Monday, May 21, 2018

The Garden of the Heart: Flower Language



That flower to the left, in the second photo from the top of page: It's called "Bleeding Heart." So in the language of flowers, what does it mean to send one of these to someone else?
            Does it mean you express your emotions openly? Or is it meant to say "spurned or rejected" affection? Or that the recipient is too sensitive? Does it express your unconditional love for all creation? Or your belief in a connection between two people enduring beyond life?
            Well, actually, all of them, according to the sources I discovered online when I tried to learn something about the language of flowers.
            Also called floriography, "flower language "is a means of cryptological communication through the use or arrangement of flowers," according to Wikipedia. I.e. a code.
            The sources find it rooted in ancient cultures, citing symbols in the Hebrew Bible's "Song of Songs," and practices throughout Europe, Asia, and the Middle East. Some cite its development (or 'flowering'?) in the Ottoman Empire, before it spread to western Europe. In Elizabethan England we find the 'meanings' of flowers playing a prominent role in Ophelia's "mad scene" in Shakespeare's "Hamlet."
            The practice boomed in 19th century England and the United States, a response I'm guessing to the Romantic movement in poetry and the other arts.
            The repressive code of manners in Victorian England furthered the use of gifts of flowers, or specific flower arrangements (I find), to say things "that could not be spoke aloud" in gentile society.
            I'm not a big fan of repression. On the other hand, if it opened the door to "saying it" with flowers, that's kind of cool.
            And I can't believe that there isn't a Japanese equivalent .
            Here's a glossary of the emotional correspondences assigned to many common flowers: http://thelanguageofflowers.com/
            So if someone offers you a blue hyacinth, that's an expression of "constancy."
            A violet? "Modesty" (bottom photo).

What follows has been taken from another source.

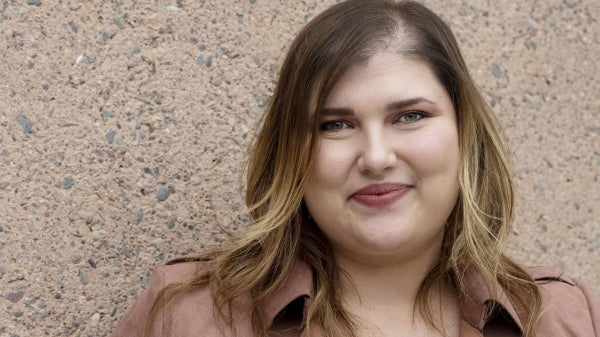 College of Liberal Arts and Sciences alumna Adisa Podrug in front of Armstrong Hall.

Which, as a compliment, can cover a lot of ground.
            The red peony pictured at the top of the page -- I like this one: "Happy marriage."
            Forget-me-nots, not surprisingly, signify either 'true love' or 'memories.'
            And "ivy" -- there seems to be a big call for flower sentiments of this kind -- expresses "wedded love" and "fidelity."  Of course there are also many varieties of ivy (I don't think they were thinking of poison ivy). English ivy, maybe.
            It's not all good. A cyclamen (a good wintertime indoor plant) signifies "resignation" or even "goodbye."
            A daffodil, of which we see so many in the early spring, stands for "unrequited love." Wow, that's a lot of heartache.
            A begonia means "beware."   
            And a primrose (fourth photo down) means "I can't live without you."
             I agree. I can't live without flowers. Or what they mean.